START INPUT MATERIAL
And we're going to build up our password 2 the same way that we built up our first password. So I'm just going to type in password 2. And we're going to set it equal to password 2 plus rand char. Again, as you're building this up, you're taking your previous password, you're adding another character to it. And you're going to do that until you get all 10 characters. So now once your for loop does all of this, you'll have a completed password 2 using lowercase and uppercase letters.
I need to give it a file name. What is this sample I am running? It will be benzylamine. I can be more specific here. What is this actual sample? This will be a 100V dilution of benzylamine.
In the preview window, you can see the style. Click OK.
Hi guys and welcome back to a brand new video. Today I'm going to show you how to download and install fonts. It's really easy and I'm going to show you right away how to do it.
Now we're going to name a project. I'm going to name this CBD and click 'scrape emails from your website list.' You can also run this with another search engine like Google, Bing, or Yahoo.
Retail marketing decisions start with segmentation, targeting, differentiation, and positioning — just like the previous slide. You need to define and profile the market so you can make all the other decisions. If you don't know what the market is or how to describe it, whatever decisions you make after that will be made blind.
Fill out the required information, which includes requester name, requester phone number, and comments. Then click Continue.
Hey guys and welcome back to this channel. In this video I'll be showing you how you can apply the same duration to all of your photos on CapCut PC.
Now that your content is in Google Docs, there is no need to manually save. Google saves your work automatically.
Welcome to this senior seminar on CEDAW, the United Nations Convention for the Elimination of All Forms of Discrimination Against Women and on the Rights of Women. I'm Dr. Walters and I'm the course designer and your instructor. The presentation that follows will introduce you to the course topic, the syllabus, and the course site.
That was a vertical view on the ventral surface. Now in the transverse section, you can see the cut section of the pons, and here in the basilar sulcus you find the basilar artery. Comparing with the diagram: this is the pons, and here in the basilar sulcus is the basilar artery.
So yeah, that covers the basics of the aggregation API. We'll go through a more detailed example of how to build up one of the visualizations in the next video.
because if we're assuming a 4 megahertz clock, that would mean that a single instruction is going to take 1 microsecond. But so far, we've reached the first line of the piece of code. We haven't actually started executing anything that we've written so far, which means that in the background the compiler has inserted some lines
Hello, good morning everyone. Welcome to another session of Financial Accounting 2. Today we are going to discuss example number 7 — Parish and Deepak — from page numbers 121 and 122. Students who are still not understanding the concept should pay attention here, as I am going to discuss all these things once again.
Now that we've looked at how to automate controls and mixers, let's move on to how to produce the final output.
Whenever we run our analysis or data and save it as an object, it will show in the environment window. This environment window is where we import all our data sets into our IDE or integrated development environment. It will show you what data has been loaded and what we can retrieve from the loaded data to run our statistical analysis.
END INPUT MATERIAL
### EXERCISE DETAILS
Everything in the data should be copied exactly. Leave nothing out.

### WRITTEN RESPONSE
And we're going to build up our password 2 the same way that we built up our first password. So I'm just going to type in password 2. And we're going to set it equal to password 2 plus rand char. Again, as you're building this up, you're taking your previous password, you're adding another character to it. And you're going to do that until you get all 10 characters. So now once your for loop does all of this, you'll have a completed password 2 using lowercase and uppercase letters.
I need to give it a file name. What is this sample I am running? It will be benzylamine. I can be more specific here. What is this actual sample? This will be a 100V dilution of benzylamine.
In the preview window, you can see the style. Click OK.
Hi guys and welcome back to a brand new video. Today I'm going to show you how to download and install fonts. It's really easy and I'm going to show you right away how to do it.
Now we're going to name a project. I'm going to name this CBD and click 'scrape emails from your website list.' You can also run this with another search engine like Google, Bing, or Yahoo.
Retail marketing decisions start with segmentation, targeting, differentiation, and positioning — just like the previous slide. You need to define and profile the market so you can make all the other decisions. If you don't know what the market is or how to describe it, whatever decisions you make after that will be made blind.
Fill out the required information, which includes requester name, requester phone number, and comments. Then click Continue.
Hey guys and welcome back to this channel. In this video I'll be showing you how you can apply the same duration to all of your photos on CapCut PC.
Now that your content is in Google Docs, there is no need to manually save. Google saves your work automatically.
Welcome to this senior seminar on CEDAW, the United Nations Convention for the Elimination of All Forms of Discrimination Against Women and on the Rights of Women. I'm Dr. Walters and I'm the course designer and your instructor. The presentation that follows will introduce you to the course topic, the syllabus, and the course site.
That was a vertical view on the ventral surface. Now in the transverse section, you can see the cut section of the pons, and here in the basilar sulcus you find the basilar artery. Comparing with the diagram: this is the pons, and here in the basilar sulcus is the basilar artery.
So yeah, that covers the basics of the aggregation API. We'll go through a more detailed example of how to build up one of the visualizations in the next video.
because if we're assuming a 4 megahertz clock, that would mean that a single instruction is going to take 1 microsecond. But so far, we've reached the first line of the piece of code. We haven't actually started executing anything that we've written so far, which means that in the background the compiler has inserted some lines
Hello, good morning everyone. Welcome to another session of Financial Accounting 2. Today we are going to discuss example number 7 — Parish and Deepak — from page numbers 121 and 122. Students who are still not understanding the concept should pay attention here, as I am going to discuss all these things once again.
Now that we've looked at how to automate controls and mixers, let's move on to how to produce the final output.
Whenever we run our analysis or data and save it as an object, it will show in the environment window. This environment window is where we import all our data sets into our IDE or integrated development environment. It will show you what data has been loaded and what we can retrieve from the loaded data to run our statistical analysis.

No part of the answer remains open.